Me indigna que consideremos que esto no nos atañe y que recibamos al rey del Vaticano (¡qué poco y qué mal recordamos la Historia!) con bombos y platillos. ¿Por qué no darían los cristianos el coste de su fiesta papal para evitar la muerte de una parte de estos dos millones y medio de personas? Me indigno cuando las sectas se indignan bañadas en su hipocresía.
Me indigna que la mayor parte de la población veamos aproximarse el desastre sin variar en nada nuestra forma de vida consumista.
Me indigno porque no acabamos de considerar a los demás seres de este planeta como semejantes. Porque hay que seguir pidiendo perdón por pensar que un animal es uno de nosotros y por decir en voz alta que son mejores que nosotros.
Me indigna que no sintamos en nosotros al animal, al auténtico animal, clamando por un poco de sosiego.
Me indigna que no nos alcemos más alto y desenmascaremos esta farsa que llamamos democracia cuando sabemos pertinentemente que el sistema no funciona, que no votamos a quienes queremos que gobiernen sino que más bien participamos en un torneo preparado por quienes controlan económicamente el circo de las candidaturas y sus ferias electorales. Y sabemos, también, que no hay ideal ni sabiduría en la mayor parte de quienes pugnan por representarnos sino, todo lo más, la pericia del jugador que participa, conscientemente, en un juego amañado por las grandes empresas, frente a las que no todos los políticos tienen el arma que conviene: un espíritu educado en la templanza y otras virtudes necesarias para calmar el ansia.

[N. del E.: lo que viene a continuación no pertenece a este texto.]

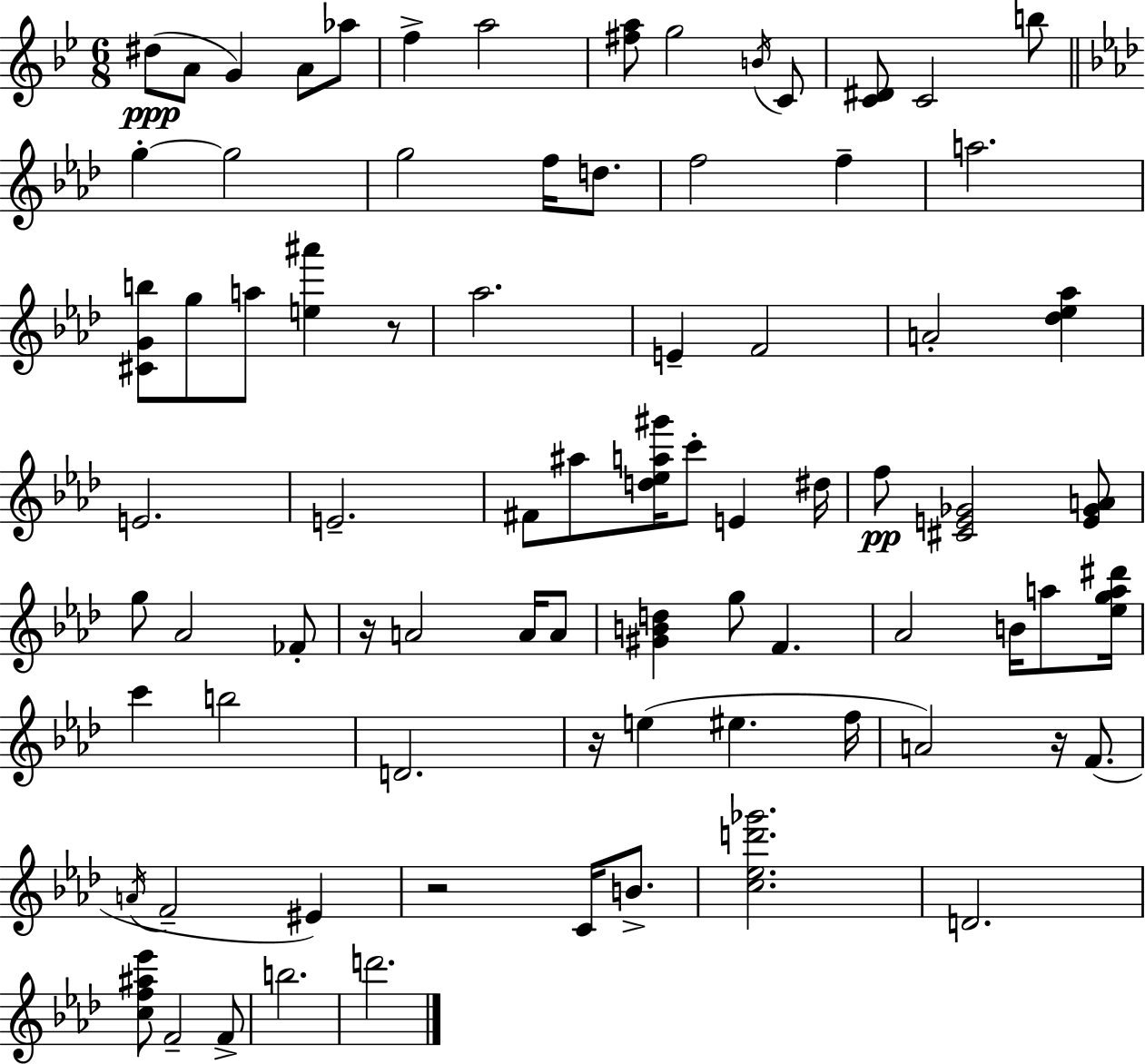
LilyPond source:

{
  \clef treble
  \numericTimeSignature
  \time 6/8
  \key bes \major
  dis''8(\ppp a'8 g'4) a'8 aes''8 | f''4-> a''2 | <fis'' a''>8 g''2 \acciaccatura { b'16 } c'8 | <c' dis'>8 c'2 b''8 | \break \bar "||" \break \key aes \major g''4-.~~ g''2 | g''2 f''16 d''8. | f''2 f''4-- | a''2. | \break <cis' g' b''>8 g''8 a''8 <e'' ais'''>4 r8 | aes''2. | e'4-- f'2 | a'2-. <des'' ees'' aes''>4 | \break e'2. | e'2.-- | fis'8 ais''8 <d'' ees'' a'' gis'''>16 c'''8-. e'4 dis''16 | f''8\pp <cis' e' ges'>2 <e' ges' a'>8 | \break g''8 aes'2 fes'8-. | r16 a'2 a'16 a'8 | <gis' b' d''>4 g''8 f'4. | aes'2 b'16 a''8 <ees'' g'' a'' dis'''>16 | \break c'''4 b''2 | d'2. | r16 e''4( eis''4. f''16 | a'2) r16 f'8.( | \break \acciaccatura { a'16 } f'2-- eis'4) | r2 c'16 b'8.-> | <c'' ees'' d''' ges'''>2. | d'2. | \break <c'' f'' ais'' ees'''>8 f'2-- f'8-> | b''2. | d'''2. | \bar "|."
}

Y ¿qué hacer? ¿Qué modelo inventar?
Clamar por la sabiduría. Educar a un niño poniendo a su alcance los medios para la más alta comprensión. Mirar hacia otros pueblos: los últimos supervivientes de las selvas tropicales, Bhutan tal vez, pueblos felices, si los hay. Aprender de ellos, de su felicidad: su eudaimonía: la buena (eu) voz interior (daimon), el buen-estar. El buen daimon es algo con lo que se nace, pero se ausenta en cuanto uno insiste en procurarse un bienestar calculado en forma de pertenencias y derechos adquiridos. El Estado de bienestar se sostiene sobre un paquete de derechos adquiridos a costa de otros, de muchos otros, y a los que no estamos dispuestos, al parecer, a renunciar. No hay felicidad que se asiente sobre tales bases.
Urge pensar en formular otro tipo de Gobierno, que no sea precisamente del demos: gremial y etnocéntrico, ni tampoco se sostenga en el krátos: el poder, sino en la comprensión, la compasión y el conocimiento.
Chantal Maillard (Bruselas, 1951) ha publicado este año Bélgica. Cuadernos de memoria. Pre-Textos. Valencia, 2011. 344 páginas. 25 euros.